HSBC is considering a major round of layoffs that could affect approximately 20,000 jobs, representing 10% of its global workforce of 208,720 employees. CEO Georges Elhedery is betting on AI automation to cut costs in middle and back-office departments. This large-scale restructuring may be a mid-term plan spanning 3 to 5 years.
(Background: Jack Dorsey slashed half of Block’s staff and bet on AI: your company could be next, causing XYZ stock to jump 23%)
(Additional context: HSBC launches Hong Kong’s first gold token, “HSBC Gold Token”! $30 billion in daily trading volume flowing into blockchain)
HSBC is brewing a major restructuring. According to Bloomberg, citing insiders, the world’s largest European bank is considering cutting about 20,000 jobs, nearly 10% of its 208,720 full-time employees.

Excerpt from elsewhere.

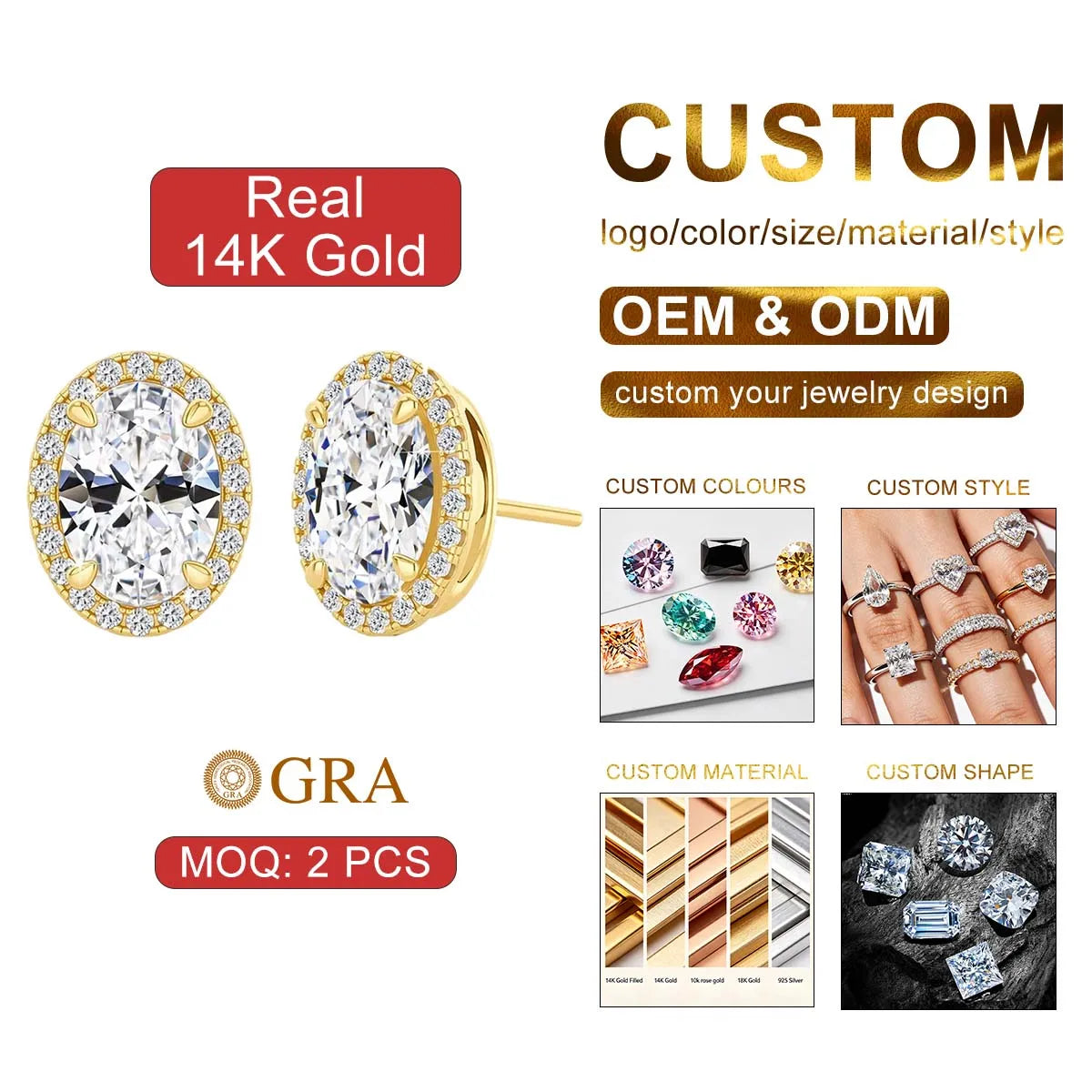 Gioiellieri Luxury Style Jewelry Engagement Wedding Gift Hollow 14K Gold Classic Halo 1 Carat Oval Moissanite Woman Stud Earrings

This is part of HSBC’s 3-5 year mid-term plan, still in the evaluation stage with no final decision made.
The driving force behind this is CEO Georges Elhedery, who has been pushing AI automation for about 18 months since taking office. He aims to replace roles in middle and back-office functions that are most easily automated. In simple terms, it’s not about cutting sales staff but those handling files, processes, and reports.
More specifically, the bank’s middle and back-office roles mainly involve risk management, compliance, accounting, quality control, as well as settlement, clearing, account management, HR, administration, and legal affairs.
The most impacted are non-customer-facing roles, especially in HSBC’s global service centers. These departments handle transaction settlement, compliance review, data processing, and other repetitive tasks—areas where AI excels.
The implementation approach isn’t solely about outright layoffs. Bloomberg reports that HSBC may adopt a multi-pronged strategy, such as not replacing employees who leave, and downsizing through business exits or sales, allowing staff numbers to decline naturally. Some employees might not receive formal layoff notices but will find their positions quietly eliminated.
HSBC has not yet responded to Bloomberg.